Hal senada diungkapkan Wakil Ketua Pansus VII DPRD Jabar Daddy Rochanadi yang mengatakan Pansus VII sengaja datang ke Badan Informasi Geospasial untuk menyinkronkan peta. “Karena salah satu syarat dalam Perda RTRW itu terlampir juga peta, jadi Pansus VII ingin memastikan bahwa peta dasar sudah dimiliki, ucap Daddy.
Daddy menambahkan hal lain yang sangat penting bagi Pansus VII yakni kepastian terkait kondisi eksisting tanah timbul yang ada di Jawa Barat.
“Ini kan juga berpengaruh pada luas wilayah dimasing – masing kabupaten kota yang berpengaruh pada perencanaan tata ruang mereka yang juga harus mengakomodir perdaRTRW ditingkat provinsi”, jelas Daddy.
Setelah memperoleh peta yang jauh lebih detil dari BIG, Daddy menekankan Pansus VII akan segera menyinkronkan dengan data yang ada. “Misalnya data dari BIG yang ternyata berbeda dengan data dari kehutanan. Di kehutanan masih hijau di sini sudah ada bolong atau
dianggapnya menjadi laut, Sinkronisasi seperti ini akan dilakukan di pansus, tutup Daddy.
“Memang betul data statistik dapat menyajikan suatu informasi tentang kuantitas tetapi tentang sebarannya, lokasinya itu juga sangat penting sehingga diperlukan informasi
geospasial”, ujar Mulyanto.
Mulyanto berharap Pansus VII bukan hanya mengawal materi substansi tetapi juga informasi petanya agar ada kesesuaian antara substansi draft perda dengan petanya. ” Contoh kalau seandainya didalam perda disampaikan tentang sempadan sungai, maka harus tergambar
didalam petanya. Harapan kami dalam selembar peta maka siapapun dapat melihat secara utuh tentang perencanaan suatu wilayah”, tambah Mulyanto.
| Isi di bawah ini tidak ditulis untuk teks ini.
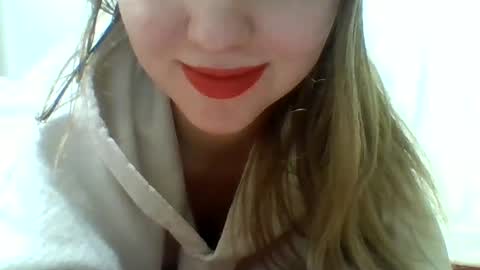 layannalea online show from January 25, 2025, 3:30 am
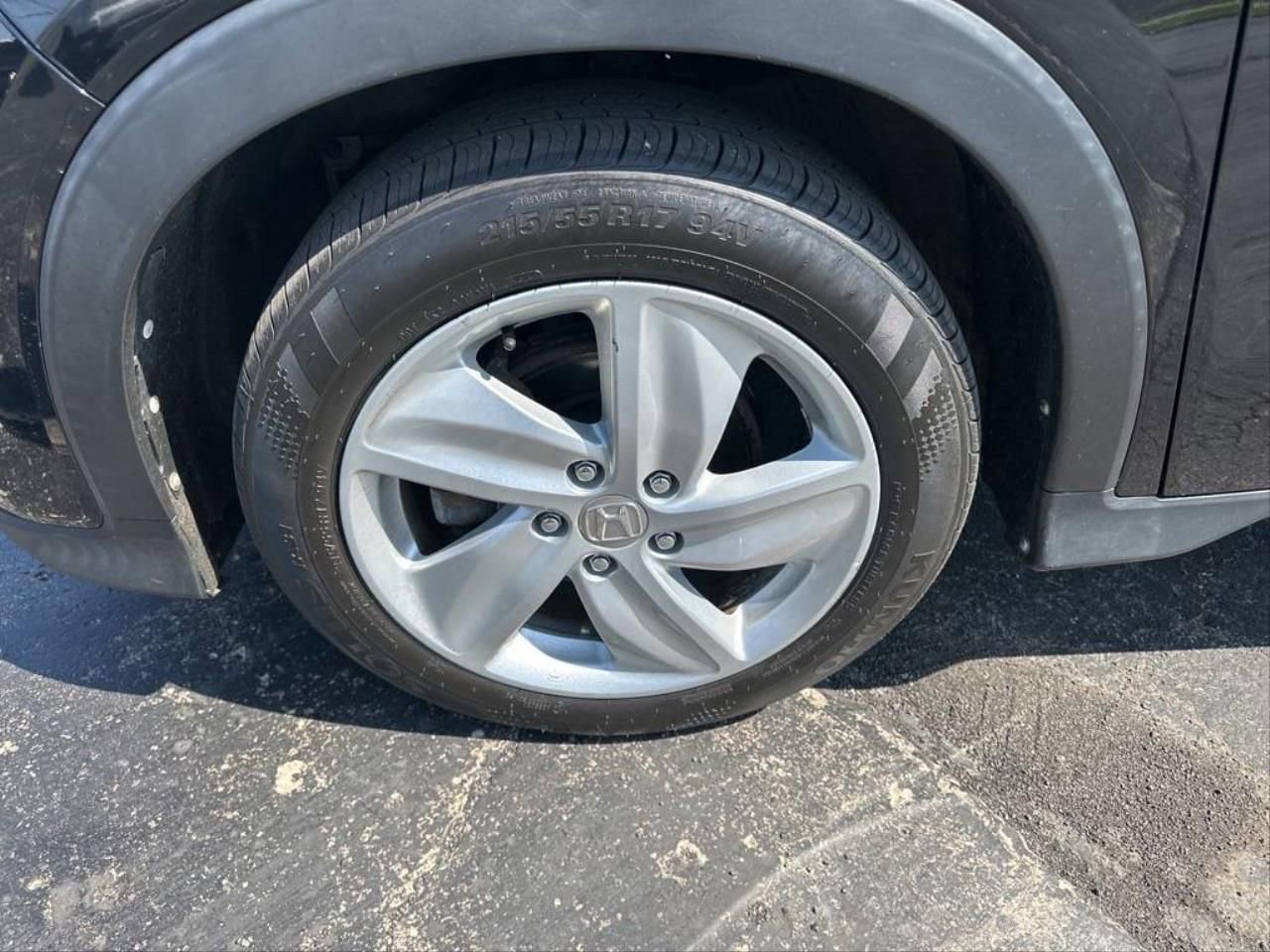 Used 2019 Honda HR-V EX-L image 9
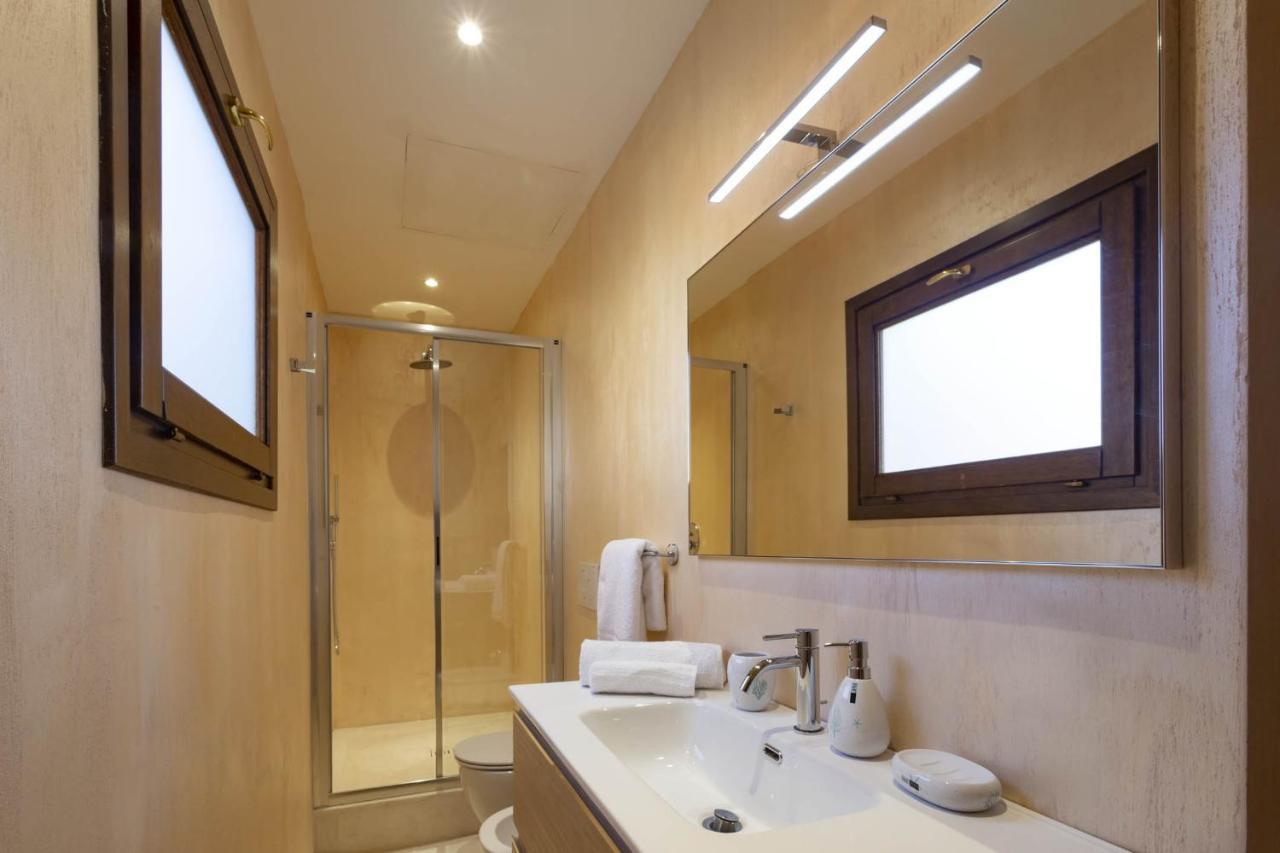 Iconic Luxury Suites Abbiadori Exterior foto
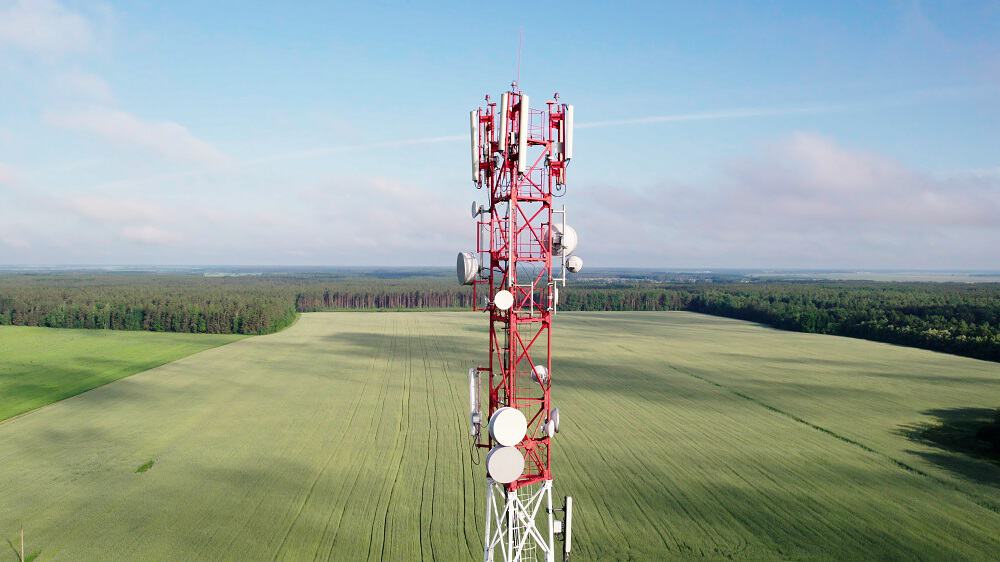 Leilão 5G: apesar do avanço tecnológico, especialistas fazem ressalvas sobre áreas remotas. Imagem: Ivan Zhurauliou/Shutterstock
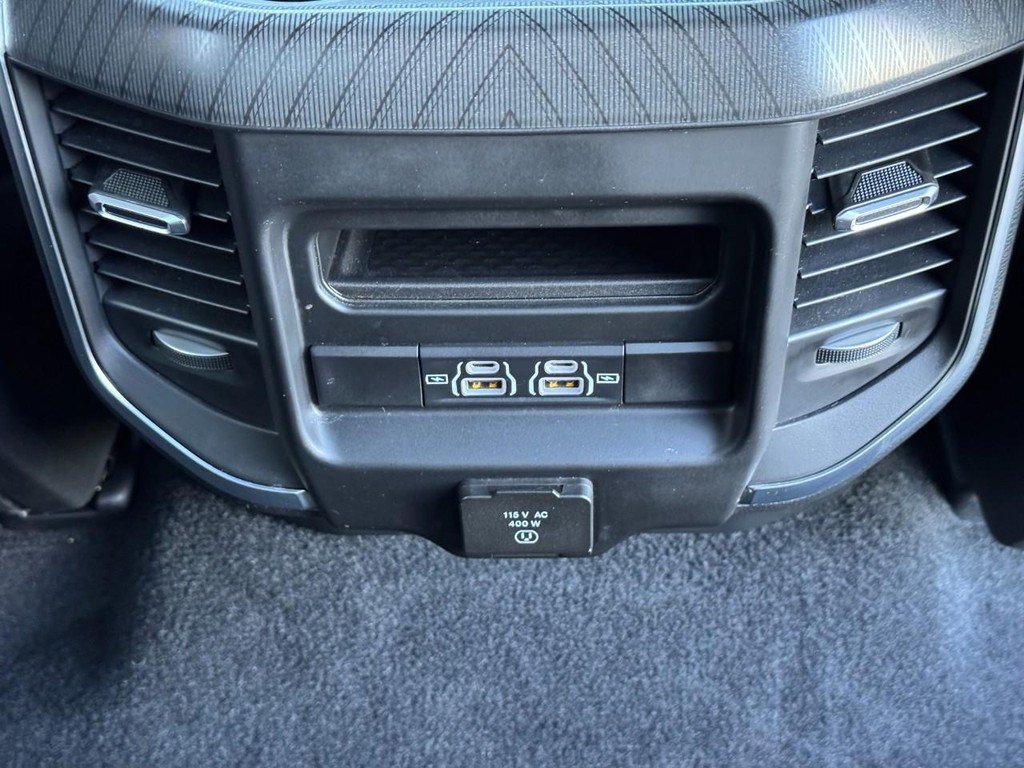 Used 2025 RAM 1500 Big Horn AWD/4WD image 12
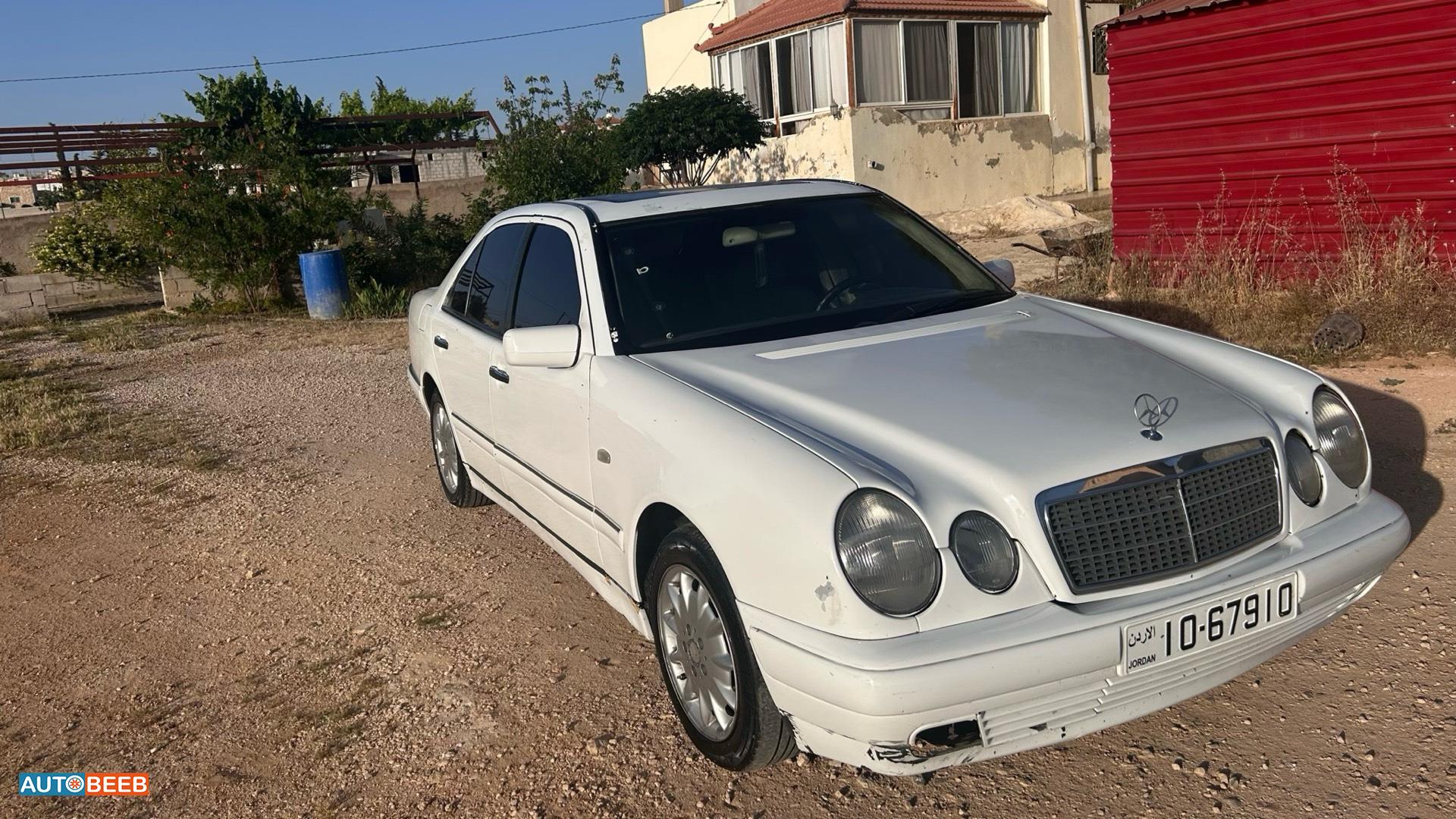 مرسيدس بنز E200 1999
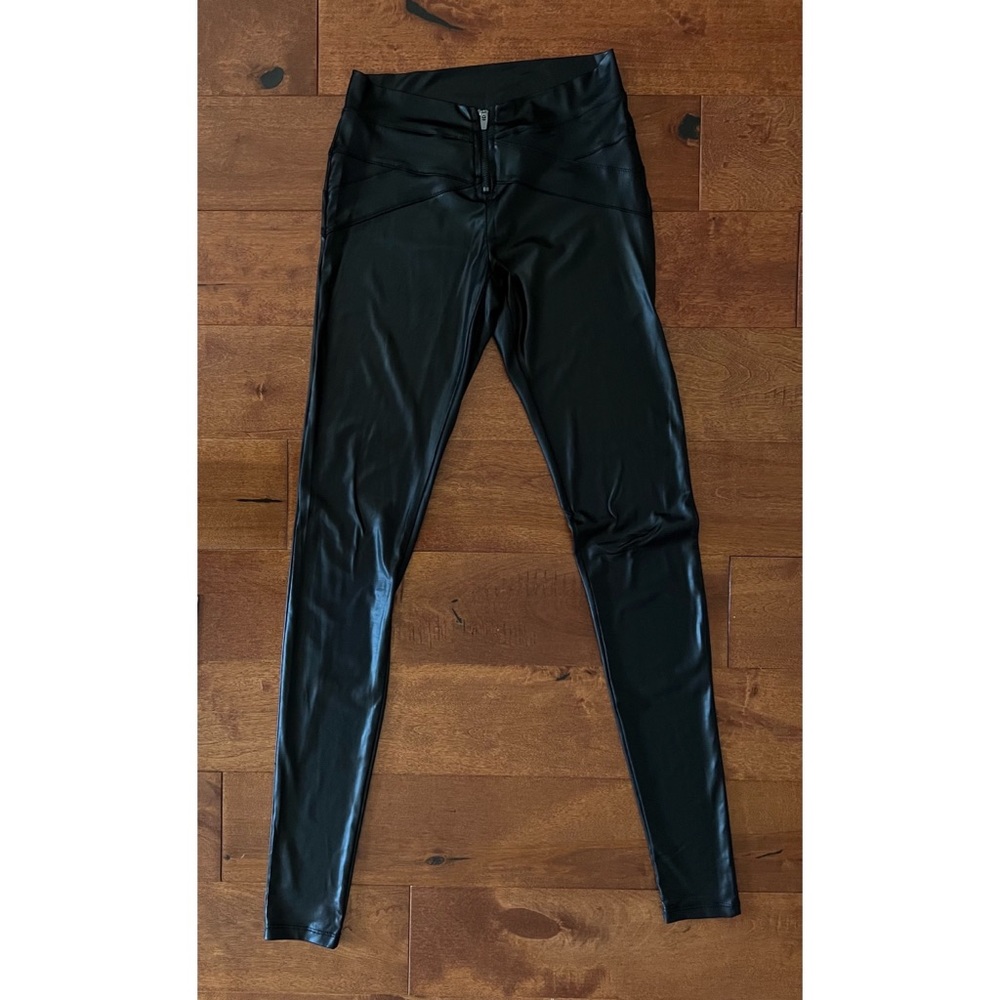 Bebe Liquid Leggings - Black — Size XS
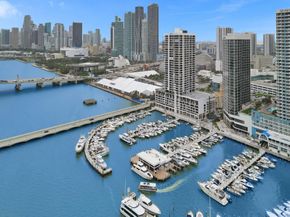 555 NE 15th St T4(704), Miami FL 33132
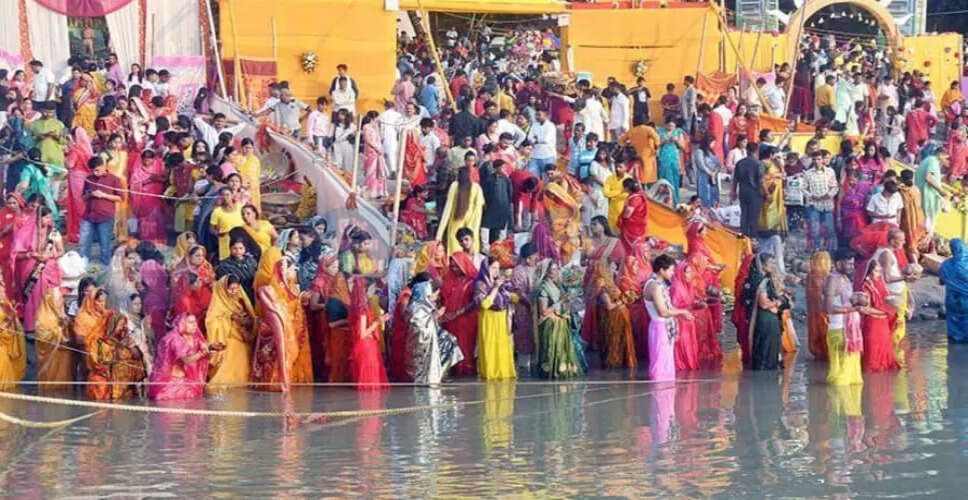 असम में छठ पर्व की धूम, श्रद्धालुओं ने मनाया संध्या अर्घ्य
Terkait tanah timbul dan abrasi Mulyanto menekankan pihaknya memiliki data terakhir bebmberapa lokasi yang dikatakan sebagai tanah timbul dan abrasi. Namun begitu pihaknya
hanya menyajikan data saja. “Kebijakan sepenuhnya ada pada Peraturan – peraturan daerah.Tata ruang ini disusun dalam rangka menciptakan ruang hidup yang nyaman, aman dan produktif jadi bila ada persoalan terkait tanah timbul diserahkan kepada daerah untuk bisa menyelesaikan hal tersebut”, tutup Mulyanto.